COLLECTED MATERIAL>
_____

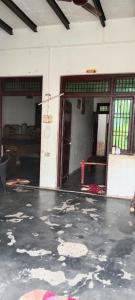 an empty room with an open door and a room with a floor at Dinesh kumar in Jāmb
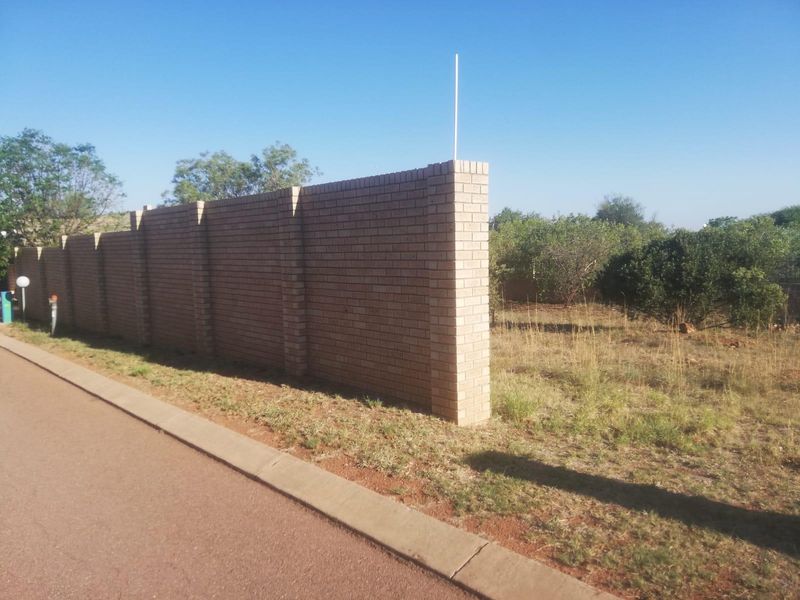 A view of the vacant residential plot featuring a sturdy brick boundary wall along the paved street frontage.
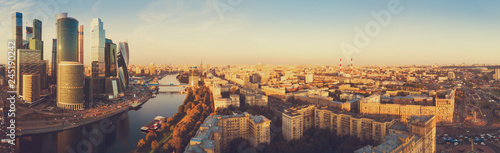 panorama high-rise buildings and transport of metropolis, traffic and blurry lights of cars on multi-lane highways and road junction at sunset in Moscow.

_____

WHAT THIS TASK INVOLVES> Set down all the lines above exactly as they appear, with no pictures.

SOLUTION BELOW>
 an empty room with an open door and a room with a floor at Dinesh kumar in Jāmb
 A view of the vacant residential plot featuring a sturdy brick boundary wall along the paved street frontage.
 panorama high-rise buildings and transport of metropolis, traffic and blurry lights of cars on multi-lane highways and road junction at sunset in Moscow.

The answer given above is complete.